While the media focuses on the oncoming trade war between the two countries, the truth is that what will really irk China is not Trump’s anti-trade rhetoric but how the Trump administration is now flirting with the Taiwan issue once again, most notably by signing into law the Taiwan Travel Act, calling for increased high-level visits to Taiwan by U.S. civilian and military leaders. From Bloomberg:
“Now, a series of moves in Beijing, Taipei and Washington are threatening to bring the Taiwan question back to the fore. One Chinese official in Beijing said there was concern that Trump could play the “Taiwan card” and that the government was prepared to take a strong stand against any U.S. moves on the issue.”
In response to what China has viewed as an increasingly anti-Beijing sentiment in Taiwan and the small country’s growing relationship with the United States, China has allegedly exercised its air force around Taiwan at least 16 times in the last year or so. As it stands, according to Bloomberg, Taiwan is requesting advanced weapons such as Lockheed Martin Corp’s F-35 fighter jets, a move that will greatly infuriate China if ever brought to fruition.

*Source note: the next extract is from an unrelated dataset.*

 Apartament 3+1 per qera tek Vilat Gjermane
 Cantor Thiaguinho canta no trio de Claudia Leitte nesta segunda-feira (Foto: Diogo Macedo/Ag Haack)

In early February, Donald Trump said he planned to nominate Admiral Harry B. Harris Jr., the commander of the U.S. Pacific Command, as ambassador to Australia. This is the same admiral who openly called China’s artificial island project “a Great Wall of sand” and has repeatedly dubbed China’s policy in the South China Sea “provocative and expansionist.”
Not long after, Harris began advising the United States Congress that Washington should prepare for the possibility of a war with China in the South China Sea, adding that “China’s impressive military build-up could soon challenge the United States across almost every domain.
We would do well to pay close attention to these ongoing developments. While the question of Taiwan may not seem like a big deal to most of us in the west, the one issue China is unlikely to ever want to negotiate is the future of Sino-Taiwanese relations, even if the U.S. appoints hawkish officials like Harris to beat the drums of war against China.
“To the Chinese government, Taiwan is the primary issue in U.S.-China relations,” Zhou Qi, director of the Institute of American Studies at the state-run Chinese Academy of Social Sciences said as quoted by Bloomberg. “And it can’t be used as a bargaining chip in trade talks.”